Mark Moran

Personal information
- Date of birth: September 26, 1954 (age 71)
- Place of birth: St. Louis, Missouri, U.S.
- Height: 5 ft 11 in (1.80 m)
- Position: Midfielder

Youth career
- 1973–1976: SIU Edwardsville Cougars

Senior career*
- Years: Team / Apps / (Gls)
- 1977–1981: Minnesota Kicks / 74 / (3)
- 1979–1981: Minnesota Kicks (indoor) / 30 / (7)

= Mark Moran (soccer) =

American soccer player

Mark Moran (born September 26, 1954) is an American retired soccer midfielder who played in the North American Soccer League.
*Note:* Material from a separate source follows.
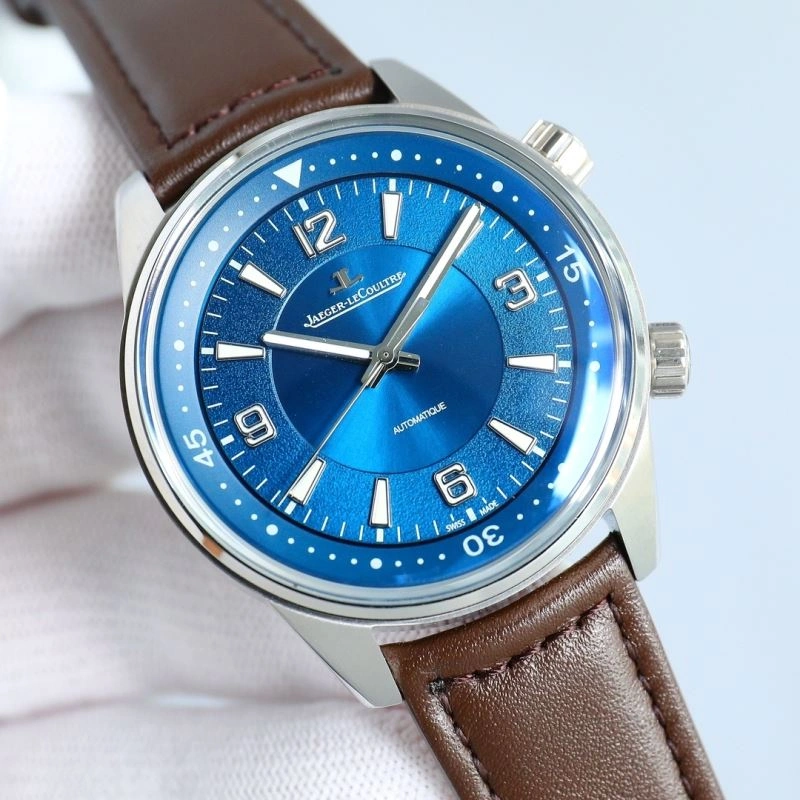 JAEGER-LECOULTRE Watches Upgraded 186454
In 1973, Moran graduated from St. Thomas Aquinas-Mercy High School in St. Louis, Missouri. He then attended Southern Illinois University, Edwardsville, playing on the men's soccer team from 1973 to 1976. In 1977, he turned professional with the Minnesota Kicks of the North American Soccer League. He played five outdoor and two indoor seasons in Minnesota.
After ending his soccer career he moved back to St. Louis, MO, and began a career as a CRNA. He remains there with his wife and children, and continues to help coach in his grandkids' soccer leagues.